[Please Note: These are prepared remarks. Mr. Jones may add to or subtract from these remarks during the course of his presentation. Portions of the text may be omitted during the speech.]
Good morning. It’s great to be here, with all of you.
My name is Mark Jones. I’ve been coming to these conferences for almost forty years. But when I showed up at my first MBA event in 1986, I had no idea that one day, I’d be standing on THIS stage.
But here I am. And I couldn’t be more excited to serve as your chairman for the next year. I’m one of you. And I promise to fight for you – every day and in every way.
I’m fighting for you because you’re fighting to come through these difficult times. In a very real sense, our entire business is battling for our future. We’re in a serious crisis. And it’s made all the more challenging by the fact that it came as a huge surprise.
If you had told me two years ago that we’d be looking at 7-to-8 percent interest rates, I would have said: “You’re out of your mind”
We were in the middle of one of the biggest boom times in our history. We couldn’t process loans fast enough. We couldn’t hire new people fast enough. Yes, we were working harder than ever before, but it was exciting, because each day brought new opportunities to serve more people…. Oh, and we actually were making some money back then.
But then inflation started rising, and interest rates soared. I’m not going to sugarcoat the challenges we faced. That’s not what leaders do. They face the truth. They make hard choices. And as the leaders in our industry, you know it better than anyone else.
Believe me when I say that I understand the pressures you face and the decisions you’re making. I’m in the same boat. Earlier this year, I merged my business with another lender. It was the end of an era. But it had to be done. If we’d stayed on our own, we would have been weaker in the worst possible environment. Now we’re stronger. We have to be.

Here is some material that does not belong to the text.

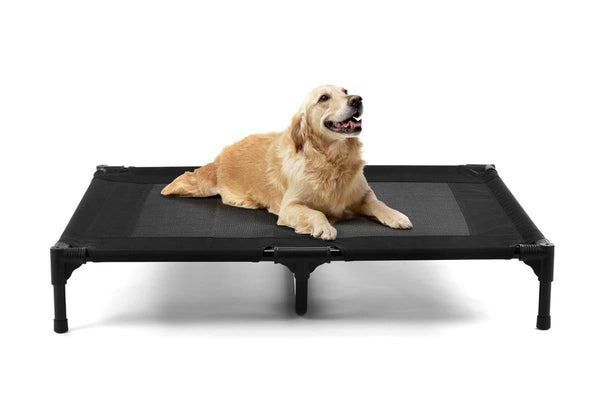 Pawever Pets Dog Trampoline Bed (X Large)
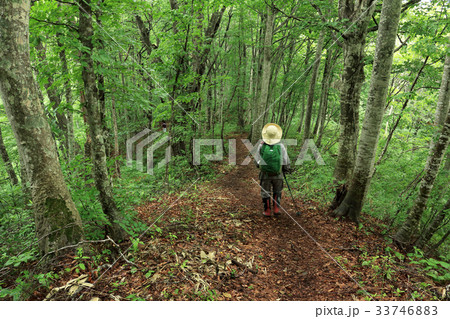 ブナ林散策　癒しの森 33746883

Each of you is taking similar steps. You’re cutting expenses. You’re considering whether to merge or sell, and if so, with whom. None of it’s easy. Yet all of it’s necessary. And it will bring you through to the other side.
Yes, our industry is fighting one heck of a battle. But make no mistake: This is a fight we’re going to win!
I’m confident we’ll win because I’ve lived through times of crisis before. In fact, I co-founded Amerifirst Home Mortgage at one of the worst times imaginable.
The year was 1983. The place was Kalamazoo, Michigan. And the interest rate? Well, it was two to three times what it is right now. I’m talking in the high teens – and even the low twenties. Some of you may not be old enough to remember what that was like. It was ugly. Only fools started a mortgage business back then. At least, that’s what a lot of my friends and family told me. It would almost be like opening a Blockbuster video right now.
Honestly, one of the big reasons we survived was the Mortgage Bankers Association. This organization gave us the right insights at the right moment. And when I came to my first MBA conference, I was hooked. I knew I’d always come back and be part of this group.
With MBA’s help, we weathered that early storm. And we did it again when things turned south in the late 1980s, with the savings and loan crisis. Like today, none of us saw it coming. But also like today, we all did what we had to do.
Since then, I’ve lived through ongoing ups and downs. By my count, this is the 8th downturn I’ve endured. Every crisis has been different. But one thing has always been the same…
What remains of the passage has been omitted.